Light and brainpower will begin to replace physical, geological energy, such as oil and gas.
Telecommuting will replace physical commuting (as a percentage of income, transportation expenditures are half that of housing).
We will manufacture different widgets: robots instead of garments.
This model will be predicated on the following:
1. Ideas are infinite with a price of zero.
2. Physical resources are finite with a positive price.
3. The execution of ideas provides value added productivity, income, and warrants an associated price.
Therefore, individual and societal value is optimized when:
1. We share ideas and information.
2. Income is received when ideas are executed in a manner that adds value to the individual and society.
This model provides greater economic sustainability, since it continually incentivizes us to:
1. Innovate and create
2. Engage in entrepreneurial endeavors.
3. Increase the quantity of valuable products and services, such that price relative to income is affordable.
4. Increase the quantity of transactions (greater monetary velocity and economic multiplier with stable, low growth
money supply).
5. Increase income and economic growth.
Current anecdotal evidence:
1. Tim Berners-Lee
He invented the World Wide Web (WWW) in 1989 by applying the hypertext transfer protocol (http) to the internet infrastructure. In 1994, while at MIT, he founded the World Wide Web Consortium (W3C) to oversee its development. All of this was done free of charge and shared with the world.
The result: Google, Facebook, LinkedIn, Twitter, AOL, Yahoo, etal. were formed.
These firms added value to the shared system, thereby generating a high return for each company and society.
2. Guido Von Rossum
He produced and developed the Python programming language for free. In 2005, he was hired by Google to develop and apply Python to their web-based code review methodology.
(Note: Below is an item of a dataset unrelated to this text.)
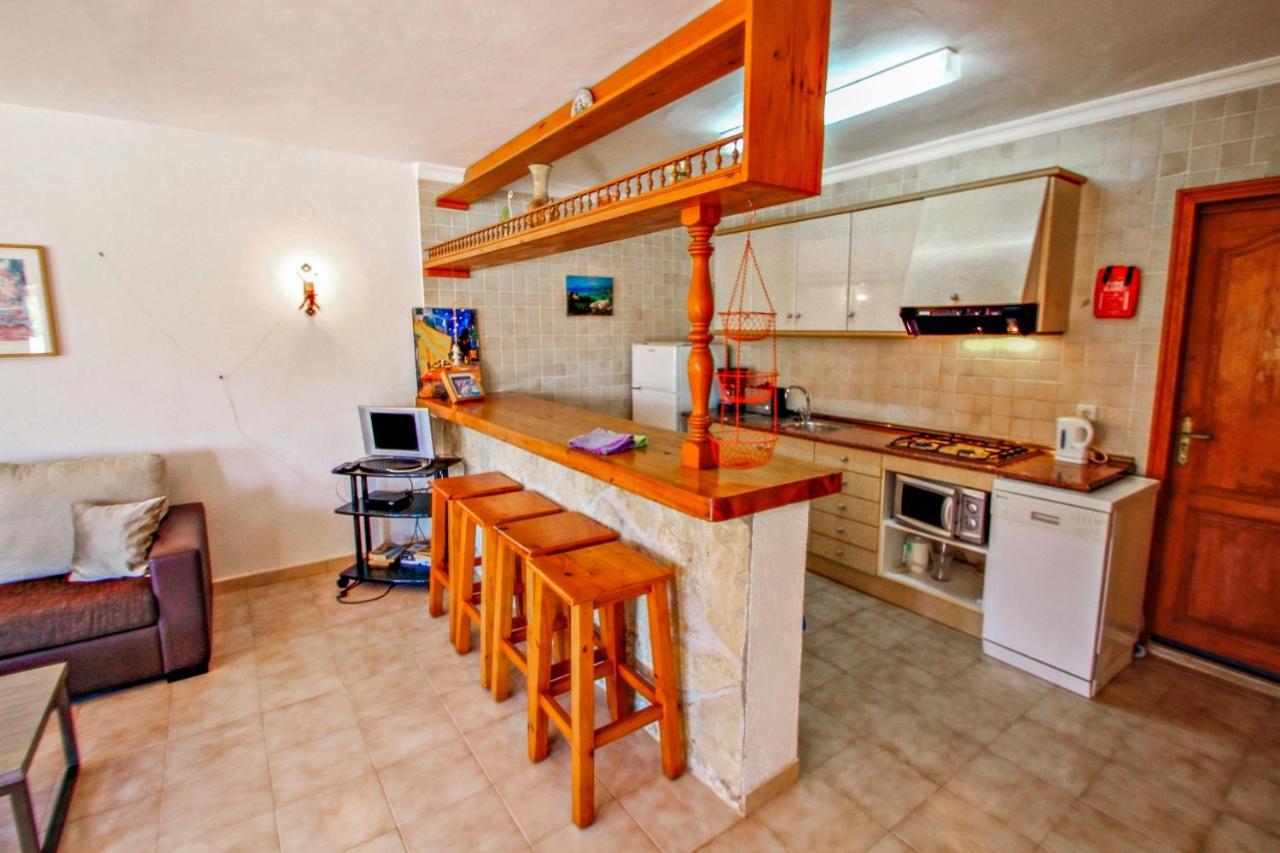 Rondel - Sea View Villa With Private Pool In Costa Blanca Moraira Exterior foto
Fifty years ago, consumption represented only 45 percent of our total income. Today, that figure is close to 70 percent.
Economic growth is impeded when end consumption is this high. Stronger growth is realized when expenditures are directed toward productive investment endeavors.
This new economic paradigm will provide greater incentives to produce and invest, thereby reducing consumption.
The lost half century in America will be reversed as we go “back to the future.”